I also built this unit some years ago which is a bench saw built into the corner of a 4' x 6' table. I am looking for space for it in the new (new shop, not new building) shop. I was quite happy with it for sheet goods. If I move it in there I will build a 16" wide drop-leaf along the left edge. Sorry about the crappy picture but that camera wasn't much…


----------



## Roz (Jan 13, 2008)

Thanks Robinson.


----------



## mikethetermite (Jun 16, 2009)

These are made by LJ Lee A. Jesberger, they are the best I've ever seen.

http://www.ezee-feed.com http://lumberjocks.com/LeeJ


----------



## khays (Aug 16, 2009)

I made a folding outfeed table for my saw, pretty simple once you get started. Here is the link that I sorta went by.

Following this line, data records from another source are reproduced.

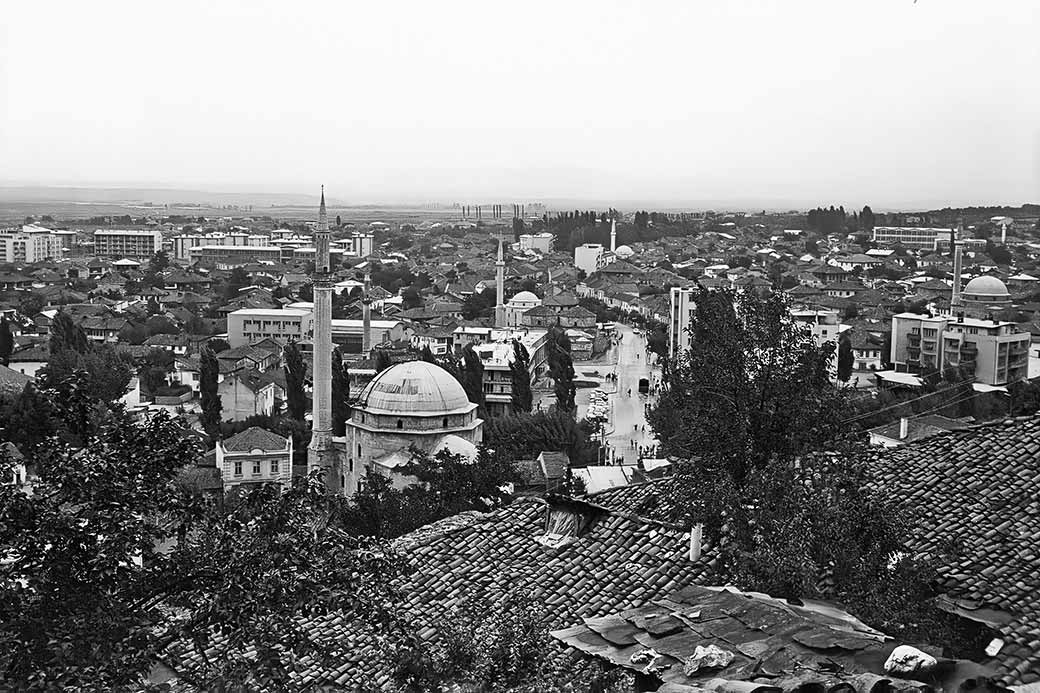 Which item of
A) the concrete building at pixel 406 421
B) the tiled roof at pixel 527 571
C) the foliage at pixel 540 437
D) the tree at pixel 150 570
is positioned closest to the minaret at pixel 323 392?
the concrete building at pixel 406 421

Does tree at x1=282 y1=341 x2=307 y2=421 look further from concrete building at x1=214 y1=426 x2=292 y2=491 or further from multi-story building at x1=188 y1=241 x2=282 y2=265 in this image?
multi-story building at x1=188 y1=241 x2=282 y2=265

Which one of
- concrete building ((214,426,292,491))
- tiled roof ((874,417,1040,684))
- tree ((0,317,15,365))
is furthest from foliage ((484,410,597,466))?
tree ((0,317,15,365))

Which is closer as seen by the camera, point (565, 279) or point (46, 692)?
point (46, 692)

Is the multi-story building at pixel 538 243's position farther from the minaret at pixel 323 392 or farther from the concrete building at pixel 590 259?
the minaret at pixel 323 392

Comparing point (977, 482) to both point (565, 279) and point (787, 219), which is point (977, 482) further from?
point (787, 219)

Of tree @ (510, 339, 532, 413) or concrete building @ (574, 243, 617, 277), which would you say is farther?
concrete building @ (574, 243, 617, 277)

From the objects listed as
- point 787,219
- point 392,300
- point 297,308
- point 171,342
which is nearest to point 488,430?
Answer: point 171,342

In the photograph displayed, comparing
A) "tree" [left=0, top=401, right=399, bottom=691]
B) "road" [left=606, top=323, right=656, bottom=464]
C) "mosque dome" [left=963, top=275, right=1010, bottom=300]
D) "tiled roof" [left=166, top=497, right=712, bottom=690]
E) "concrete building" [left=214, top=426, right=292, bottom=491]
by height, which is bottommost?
"road" [left=606, top=323, right=656, bottom=464] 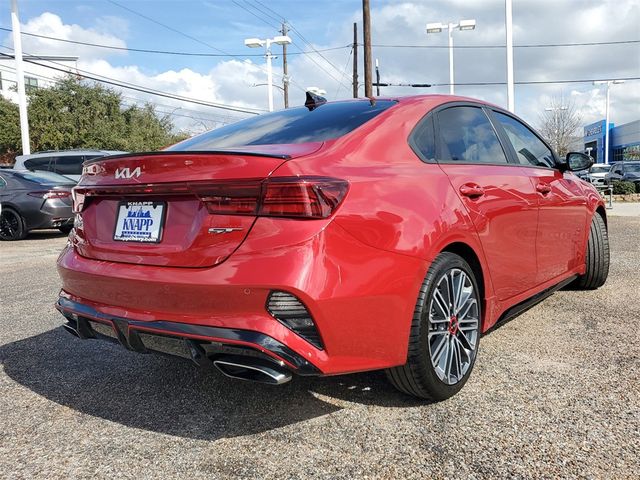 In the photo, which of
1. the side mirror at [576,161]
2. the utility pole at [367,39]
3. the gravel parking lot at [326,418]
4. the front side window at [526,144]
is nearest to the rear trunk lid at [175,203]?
the gravel parking lot at [326,418]

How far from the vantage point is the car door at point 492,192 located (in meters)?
2.99

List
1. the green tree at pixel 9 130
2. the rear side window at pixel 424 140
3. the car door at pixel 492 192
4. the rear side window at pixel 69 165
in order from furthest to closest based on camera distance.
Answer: the green tree at pixel 9 130 < the rear side window at pixel 69 165 < the car door at pixel 492 192 < the rear side window at pixel 424 140

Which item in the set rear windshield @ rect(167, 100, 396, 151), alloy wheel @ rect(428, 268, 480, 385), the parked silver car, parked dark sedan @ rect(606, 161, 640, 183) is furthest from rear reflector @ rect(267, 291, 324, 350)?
parked dark sedan @ rect(606, 161, 640, 183)

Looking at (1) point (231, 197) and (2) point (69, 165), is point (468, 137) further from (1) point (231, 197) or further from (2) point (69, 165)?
(2) point (69, 165)

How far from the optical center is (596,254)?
15.7 feet

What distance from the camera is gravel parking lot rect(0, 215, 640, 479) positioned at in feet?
7.29

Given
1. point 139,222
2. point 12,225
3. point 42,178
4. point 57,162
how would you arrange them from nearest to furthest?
point 139,222
point 12,225
point 42,178
point 57,162

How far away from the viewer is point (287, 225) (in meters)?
2.15

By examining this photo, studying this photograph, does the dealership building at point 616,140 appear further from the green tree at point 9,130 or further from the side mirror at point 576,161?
the side mirror at point 576,161

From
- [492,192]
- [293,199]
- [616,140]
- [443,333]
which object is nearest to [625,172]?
[492,192]

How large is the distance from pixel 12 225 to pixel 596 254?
1020 cm

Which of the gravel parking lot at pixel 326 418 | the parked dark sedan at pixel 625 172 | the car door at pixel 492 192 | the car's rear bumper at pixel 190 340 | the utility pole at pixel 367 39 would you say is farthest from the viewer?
the parked dark sedan at pixel 625 172

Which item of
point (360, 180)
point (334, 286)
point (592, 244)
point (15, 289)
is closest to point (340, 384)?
point (334, 286)

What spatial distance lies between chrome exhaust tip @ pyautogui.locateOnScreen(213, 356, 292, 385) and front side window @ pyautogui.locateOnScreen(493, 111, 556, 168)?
2445 millimetres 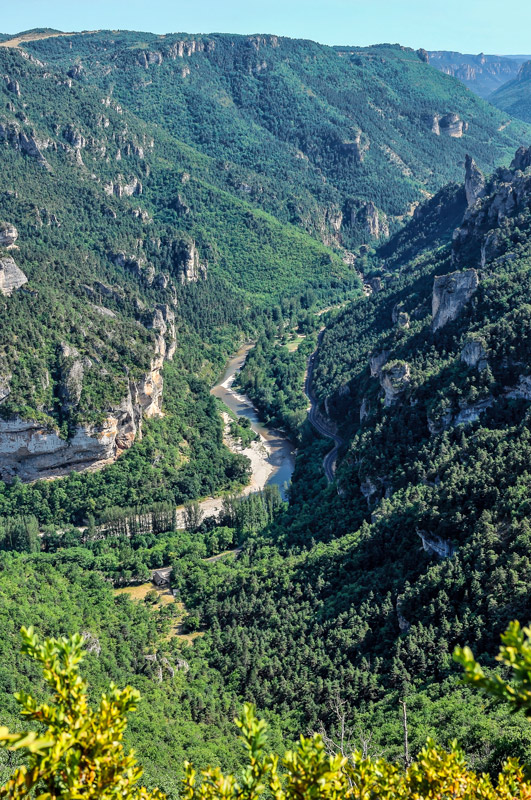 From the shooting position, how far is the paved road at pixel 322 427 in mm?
98275

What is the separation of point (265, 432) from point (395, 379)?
1671 inches

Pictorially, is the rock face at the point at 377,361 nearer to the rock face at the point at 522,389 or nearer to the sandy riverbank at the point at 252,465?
the sandy riverbank at the point at 252,465

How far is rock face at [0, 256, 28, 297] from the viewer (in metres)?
104

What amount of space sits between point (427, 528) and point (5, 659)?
34598mm

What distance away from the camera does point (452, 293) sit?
9200 cm

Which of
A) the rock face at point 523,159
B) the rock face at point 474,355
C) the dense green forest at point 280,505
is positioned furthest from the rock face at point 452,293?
the rock face at point 523,159

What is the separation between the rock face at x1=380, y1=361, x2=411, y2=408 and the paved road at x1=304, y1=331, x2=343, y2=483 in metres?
12.9

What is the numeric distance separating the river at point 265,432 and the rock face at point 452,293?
1198 inches

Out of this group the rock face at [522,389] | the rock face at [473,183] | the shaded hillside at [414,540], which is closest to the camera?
the shaded hillside at [414,540]

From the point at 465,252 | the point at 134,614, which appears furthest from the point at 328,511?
the point at 465,252

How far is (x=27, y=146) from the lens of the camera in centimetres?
17375

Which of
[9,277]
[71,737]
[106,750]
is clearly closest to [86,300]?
[9,277]

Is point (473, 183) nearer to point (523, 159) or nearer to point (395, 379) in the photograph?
point (523, 159)

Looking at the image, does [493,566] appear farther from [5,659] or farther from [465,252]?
[465,252] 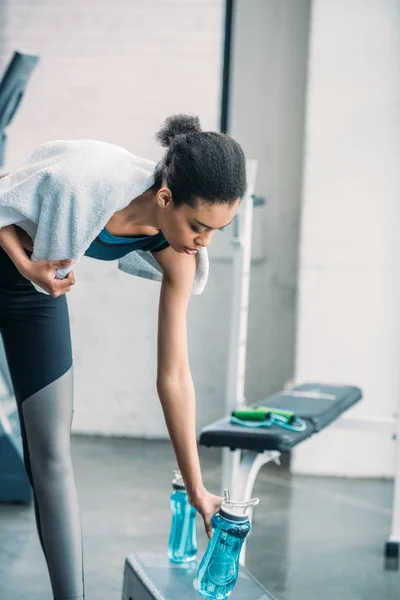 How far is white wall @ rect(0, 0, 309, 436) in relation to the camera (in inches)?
160

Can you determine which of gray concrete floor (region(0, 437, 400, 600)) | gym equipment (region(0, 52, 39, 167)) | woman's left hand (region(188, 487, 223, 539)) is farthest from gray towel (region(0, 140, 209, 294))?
gym equipment (region(0, 52, 39, 167))

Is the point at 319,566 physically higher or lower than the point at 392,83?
lower

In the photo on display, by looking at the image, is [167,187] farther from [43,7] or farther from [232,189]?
[43,7]

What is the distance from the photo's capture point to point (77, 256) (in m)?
1.38

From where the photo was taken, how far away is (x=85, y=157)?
1.40 meters

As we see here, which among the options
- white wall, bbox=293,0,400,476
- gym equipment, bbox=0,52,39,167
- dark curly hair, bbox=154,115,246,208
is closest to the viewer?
dark curly hair, bbox=154,115,246,208

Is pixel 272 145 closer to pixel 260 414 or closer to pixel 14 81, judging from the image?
pixel 14 81

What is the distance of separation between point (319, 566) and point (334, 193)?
1740 mm

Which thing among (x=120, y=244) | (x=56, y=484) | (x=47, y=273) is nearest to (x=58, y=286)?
(x=47, y=273)

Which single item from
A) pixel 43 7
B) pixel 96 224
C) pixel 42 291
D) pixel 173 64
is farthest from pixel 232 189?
pixel 43 7

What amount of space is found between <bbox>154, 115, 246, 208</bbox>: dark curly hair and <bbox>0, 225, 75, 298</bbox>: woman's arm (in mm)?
231

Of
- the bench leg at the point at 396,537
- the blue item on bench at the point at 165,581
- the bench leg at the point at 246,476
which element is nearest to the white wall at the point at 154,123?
the bench leg at the point at 396,537

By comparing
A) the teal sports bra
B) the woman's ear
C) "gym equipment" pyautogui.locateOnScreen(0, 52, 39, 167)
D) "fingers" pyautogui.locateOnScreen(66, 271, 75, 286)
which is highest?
"gym equipment" pyautogui.locateOnScreen(0, 52, 39, 167)

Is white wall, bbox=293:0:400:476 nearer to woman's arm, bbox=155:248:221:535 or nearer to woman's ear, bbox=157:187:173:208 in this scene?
woman's arm, bbox=155:248:221:535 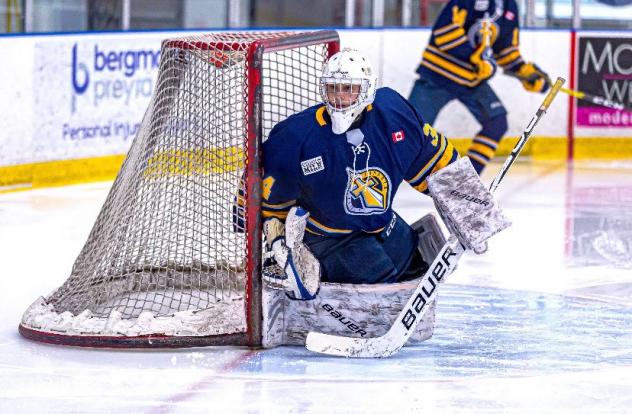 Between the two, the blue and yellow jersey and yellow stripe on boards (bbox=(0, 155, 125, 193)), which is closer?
yellow stripe on boards (bbox=(0, 155, 125, 193))

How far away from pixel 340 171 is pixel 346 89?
23 centimetres

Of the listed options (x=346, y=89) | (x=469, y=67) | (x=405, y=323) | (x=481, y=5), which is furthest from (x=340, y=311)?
(x=481, y=5)

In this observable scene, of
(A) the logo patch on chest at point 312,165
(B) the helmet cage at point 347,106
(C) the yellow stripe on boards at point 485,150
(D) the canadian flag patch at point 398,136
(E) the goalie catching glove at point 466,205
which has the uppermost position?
A: (B) the helmet cage at point 347,106

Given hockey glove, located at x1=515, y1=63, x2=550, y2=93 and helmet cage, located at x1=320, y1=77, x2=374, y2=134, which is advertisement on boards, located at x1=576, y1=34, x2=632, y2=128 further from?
helmet cage, located at x1=320, y1=77, x2=374, y2=134

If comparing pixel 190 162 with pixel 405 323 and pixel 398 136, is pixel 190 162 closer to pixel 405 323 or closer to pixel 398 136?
pixel 398 136

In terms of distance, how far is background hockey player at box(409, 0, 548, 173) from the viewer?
7.01 m

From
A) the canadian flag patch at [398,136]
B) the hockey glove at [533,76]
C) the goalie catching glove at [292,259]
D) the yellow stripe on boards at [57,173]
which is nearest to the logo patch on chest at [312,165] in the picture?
the goalie catching glove at [292,259]

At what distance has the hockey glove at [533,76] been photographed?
7.16 metres

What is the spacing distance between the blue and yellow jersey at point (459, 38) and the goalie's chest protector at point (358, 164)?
3093mm

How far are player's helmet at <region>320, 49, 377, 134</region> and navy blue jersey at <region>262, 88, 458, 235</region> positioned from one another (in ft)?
0.18

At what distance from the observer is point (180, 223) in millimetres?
4156

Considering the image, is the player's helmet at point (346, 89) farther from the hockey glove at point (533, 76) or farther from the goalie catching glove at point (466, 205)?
the hockey glove at point (533, 76)

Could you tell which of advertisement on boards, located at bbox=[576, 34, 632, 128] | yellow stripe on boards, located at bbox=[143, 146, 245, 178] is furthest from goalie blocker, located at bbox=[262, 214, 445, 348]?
advertisement on boards, located at bbox=[576, 34, 632, 128]

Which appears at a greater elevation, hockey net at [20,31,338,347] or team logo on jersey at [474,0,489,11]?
team logo on jersey at [474,0,489,11] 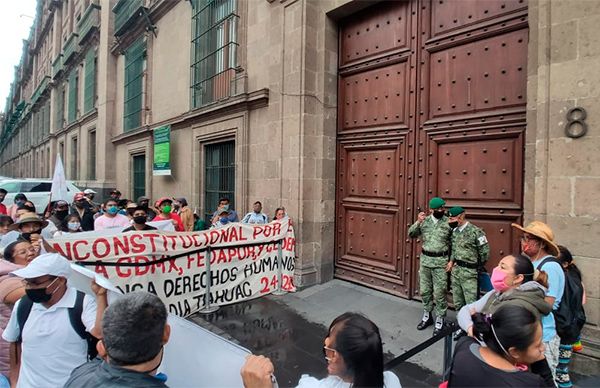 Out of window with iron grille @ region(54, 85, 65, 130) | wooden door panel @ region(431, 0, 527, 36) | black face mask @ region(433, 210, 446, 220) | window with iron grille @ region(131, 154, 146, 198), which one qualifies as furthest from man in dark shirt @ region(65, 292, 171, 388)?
window with iron grille @ region(54, 85, 65, 130)

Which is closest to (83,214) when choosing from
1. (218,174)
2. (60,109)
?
(218,174)

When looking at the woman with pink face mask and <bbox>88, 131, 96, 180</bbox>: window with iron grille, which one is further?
<bbox>88, 131, 96, 180</bbox>: window with iron grille

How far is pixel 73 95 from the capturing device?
22.6 m

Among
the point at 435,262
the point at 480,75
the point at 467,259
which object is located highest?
the point at 480,75

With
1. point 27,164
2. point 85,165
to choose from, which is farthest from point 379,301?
point 27,164

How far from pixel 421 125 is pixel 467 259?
2.34 metres

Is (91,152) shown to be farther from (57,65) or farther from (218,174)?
(218,174)

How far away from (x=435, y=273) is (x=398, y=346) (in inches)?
42.9

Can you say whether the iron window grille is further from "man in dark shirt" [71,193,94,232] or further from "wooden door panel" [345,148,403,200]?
"wooden door panel" [345,148,403,200]

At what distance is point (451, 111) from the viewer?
17.1 feet

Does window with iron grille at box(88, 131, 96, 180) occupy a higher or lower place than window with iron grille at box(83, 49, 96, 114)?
lower

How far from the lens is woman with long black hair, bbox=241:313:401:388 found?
138cm

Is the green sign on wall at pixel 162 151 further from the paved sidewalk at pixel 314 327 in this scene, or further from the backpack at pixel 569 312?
the backpack at pixel 569 312

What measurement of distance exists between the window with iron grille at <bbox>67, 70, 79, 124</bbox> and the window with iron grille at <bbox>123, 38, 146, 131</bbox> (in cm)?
920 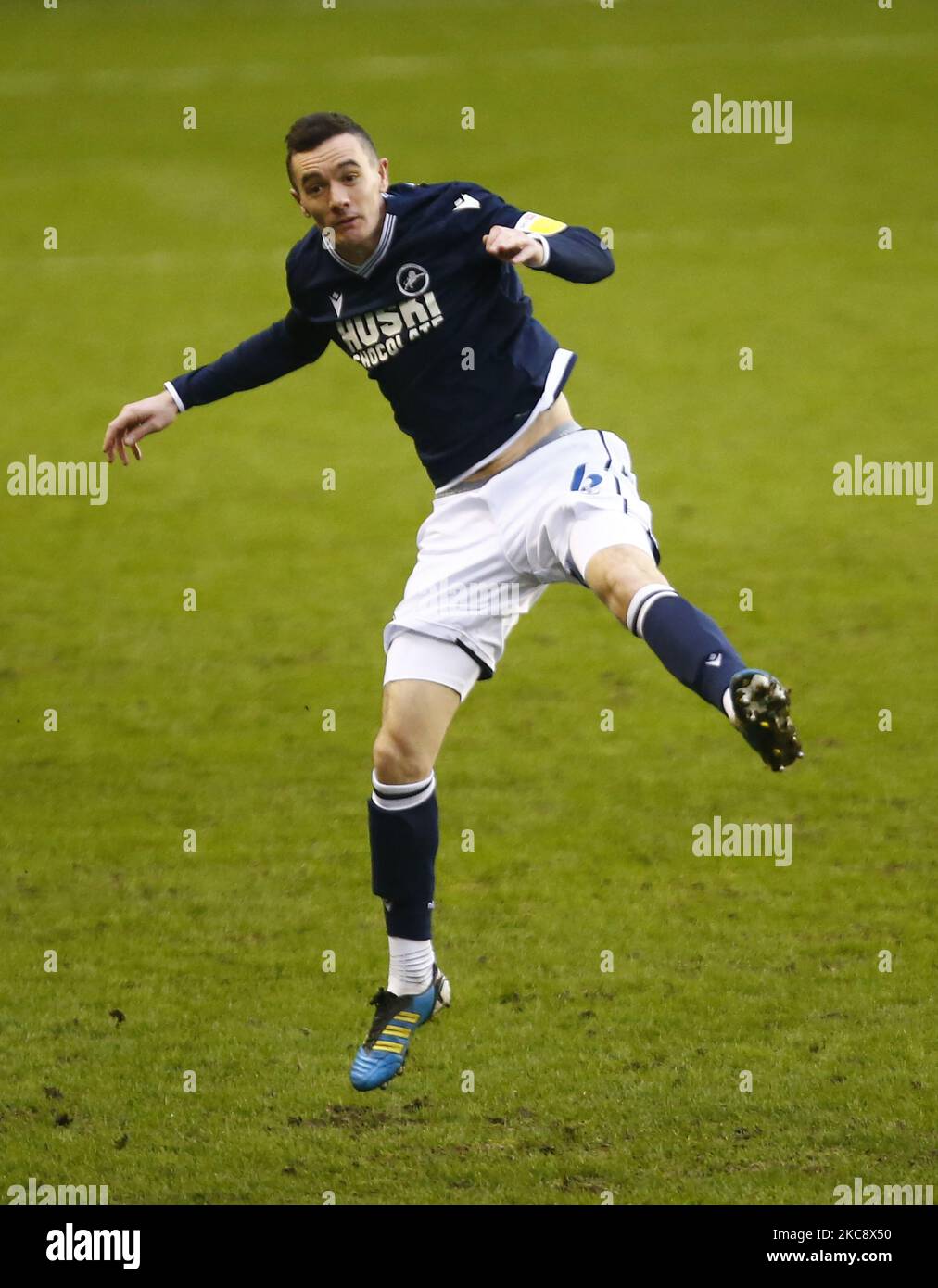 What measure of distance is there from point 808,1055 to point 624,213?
17.3m

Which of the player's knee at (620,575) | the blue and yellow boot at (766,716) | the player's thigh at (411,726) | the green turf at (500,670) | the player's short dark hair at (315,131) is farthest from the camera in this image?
the green turf at (500,670)

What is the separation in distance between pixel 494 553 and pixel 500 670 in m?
6.73

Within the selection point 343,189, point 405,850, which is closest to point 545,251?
point 343,189

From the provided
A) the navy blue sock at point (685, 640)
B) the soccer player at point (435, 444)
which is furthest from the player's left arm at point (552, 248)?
the navy blue sock at point (685, 640)

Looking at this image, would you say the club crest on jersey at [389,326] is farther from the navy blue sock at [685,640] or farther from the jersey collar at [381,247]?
the navy blue sock at [685,640]

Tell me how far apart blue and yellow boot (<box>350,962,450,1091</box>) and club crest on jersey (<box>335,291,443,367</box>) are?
7.37 feet

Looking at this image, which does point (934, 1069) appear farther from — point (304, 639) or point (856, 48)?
point (856, 48)

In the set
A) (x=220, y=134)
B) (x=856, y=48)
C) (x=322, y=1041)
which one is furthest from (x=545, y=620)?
(x=856, y=48)

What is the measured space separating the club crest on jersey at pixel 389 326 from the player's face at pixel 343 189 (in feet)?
0.71

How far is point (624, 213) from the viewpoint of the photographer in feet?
77.3

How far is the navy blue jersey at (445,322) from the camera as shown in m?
6.47

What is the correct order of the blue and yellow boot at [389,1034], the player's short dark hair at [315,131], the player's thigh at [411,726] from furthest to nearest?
the blue and yellow boot at [389,1034], the player's thigh at [411,726], the player's short dark hair at [315,131]

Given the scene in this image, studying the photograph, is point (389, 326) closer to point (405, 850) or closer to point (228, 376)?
point (228, 376)

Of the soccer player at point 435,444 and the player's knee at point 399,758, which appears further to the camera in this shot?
the player's knee at point 399,758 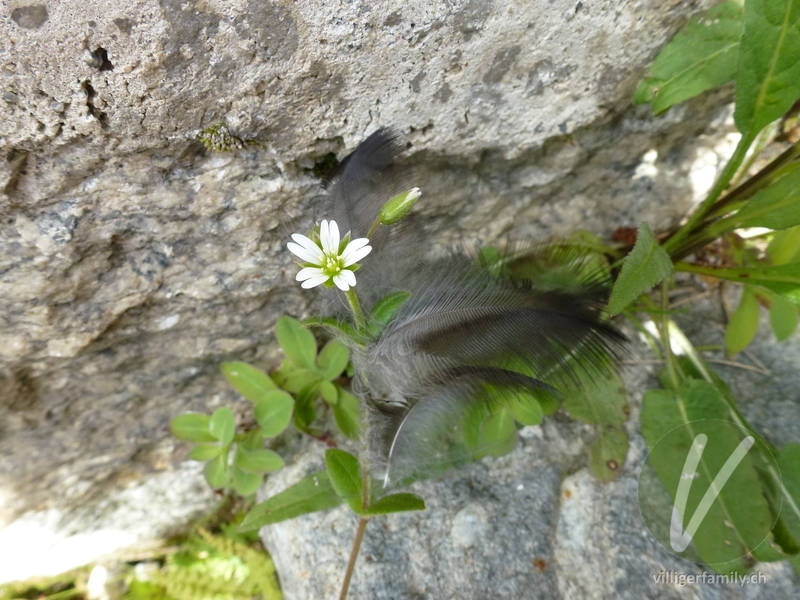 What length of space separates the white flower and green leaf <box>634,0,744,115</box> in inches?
46.7

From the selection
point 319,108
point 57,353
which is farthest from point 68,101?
point 57,353

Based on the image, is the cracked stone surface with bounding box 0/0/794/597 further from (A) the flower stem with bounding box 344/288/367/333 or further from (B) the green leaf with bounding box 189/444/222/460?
(A) the flower stem with bounding box 344/288/367/333

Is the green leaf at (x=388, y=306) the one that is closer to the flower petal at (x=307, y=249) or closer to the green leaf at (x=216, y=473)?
the flower petal at (x=307, y=249)

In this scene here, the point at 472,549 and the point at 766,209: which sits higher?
the point at 766,209

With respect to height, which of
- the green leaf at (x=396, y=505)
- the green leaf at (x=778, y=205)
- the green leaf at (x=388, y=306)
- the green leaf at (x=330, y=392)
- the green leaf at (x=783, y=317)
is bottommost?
the green leaf at (x=783, y=317)

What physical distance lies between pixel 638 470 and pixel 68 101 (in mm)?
2236

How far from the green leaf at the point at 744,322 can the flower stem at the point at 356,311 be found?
1572mm

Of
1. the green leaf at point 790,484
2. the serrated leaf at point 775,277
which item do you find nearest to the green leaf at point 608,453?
the green leaf at point 790,484

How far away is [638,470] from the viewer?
1960mm

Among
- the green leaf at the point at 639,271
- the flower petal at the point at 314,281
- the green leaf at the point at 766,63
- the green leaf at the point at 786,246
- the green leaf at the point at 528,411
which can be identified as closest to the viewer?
the flower petal at the point at 314,281

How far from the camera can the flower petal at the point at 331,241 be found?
1.39 meters

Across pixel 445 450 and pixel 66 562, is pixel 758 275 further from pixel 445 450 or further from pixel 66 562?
pixel 66 562

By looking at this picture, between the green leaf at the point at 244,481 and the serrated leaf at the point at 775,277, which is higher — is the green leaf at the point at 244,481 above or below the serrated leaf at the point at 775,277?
above

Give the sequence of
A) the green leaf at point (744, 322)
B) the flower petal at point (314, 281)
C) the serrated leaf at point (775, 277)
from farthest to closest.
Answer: the green leaf at point (744, 322) → the serrated leaf at point (775, 277) → the flower petal at point (314, 281) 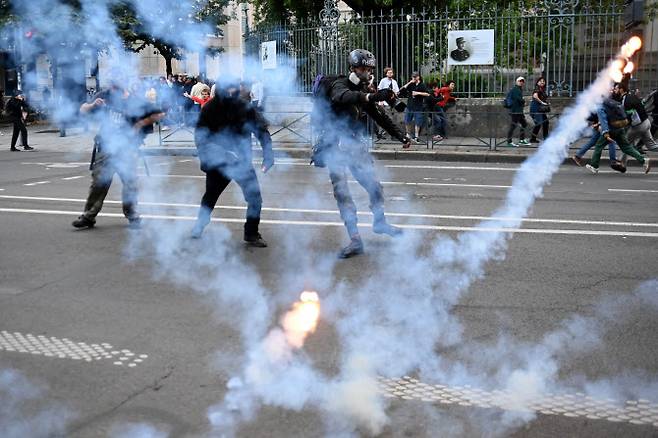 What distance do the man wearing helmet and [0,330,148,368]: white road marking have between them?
2830 millimetres

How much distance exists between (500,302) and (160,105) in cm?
504

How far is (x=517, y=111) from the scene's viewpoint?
58.6 feet

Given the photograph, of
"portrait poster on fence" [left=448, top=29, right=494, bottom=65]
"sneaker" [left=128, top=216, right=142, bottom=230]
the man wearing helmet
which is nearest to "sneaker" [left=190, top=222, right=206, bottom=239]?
"sneaker" [left=128, top=216, right=142, bottom=230]

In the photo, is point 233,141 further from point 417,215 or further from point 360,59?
point 417,215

http://images.meredith.com/wood/pdf/Part1ripnflip.pdf

I used folding leg brackets from rockler and 4 heavy duty hinges for the folding of the table.

Kevin


----------



## ChunkyC (Jun 28, 2009)

Roz:

Great question. I've been considering this for a long time also. I've seen removable RHS table extensions and RHS extensions that have a top that lifts up for storage but nothing for the LHS extension. Hopefully you'll get some good advise on a folding side table.


----------



## Roz (Jan 13, 2008)

Thanks for the response and the links.

What I am planning to do is replace my out feed table with a cabinet base and a recycled maple work bench top then make some sort of collapsible extension on the left side. I would like to do something like the folding out feed tables I have seen posted s few years back. I am just not sure how to make it work. I REALLY like Childress's sliding attachment.

I have a jobsite style saw with a cast iron table and small extensions. The Right side is extended out about 60 inches but the left is where I really seem to need it.

Thanks for the link Kevin, There are some details in that drawing that will help me with my project.


----------



## childress (Sep 14, 2008)

Well my blog is missing some pics now, it's been a while since I posted it….

I basically made a BIG drawer glide and a 10" wide by 42" long edge grain bench top. I initially designed and made this so I could crosscut large sheets and doors, but as time has passed (And I've moved my shop too) the wood has moved a little and there is a little play in it now and it's also a little out of square. I could probably fix it by fine tuning it but have since stopped cabinetry and solely focus on butcher blocks. That means no more sheet goods.

I can say that I never want to take it off and it was a huge help when cutting plywood, especially full sheets. If I pull it back, I can use it as a support in front of the saw as well as on the side. As you probably have seen, I have a fence for it to crosscut and I've also made a jig that I can screw to the top and clamp down rough lumber and make a straight line cut, very much like a real sliding table saw (sorry no pics). I'm sure there's more I can do with it, but now it just serves me very well as a little saw helper


----------



## Roz (Jan 13, 2008)

Thanks again Childress, I am going to try and include your idea in my mods.


----------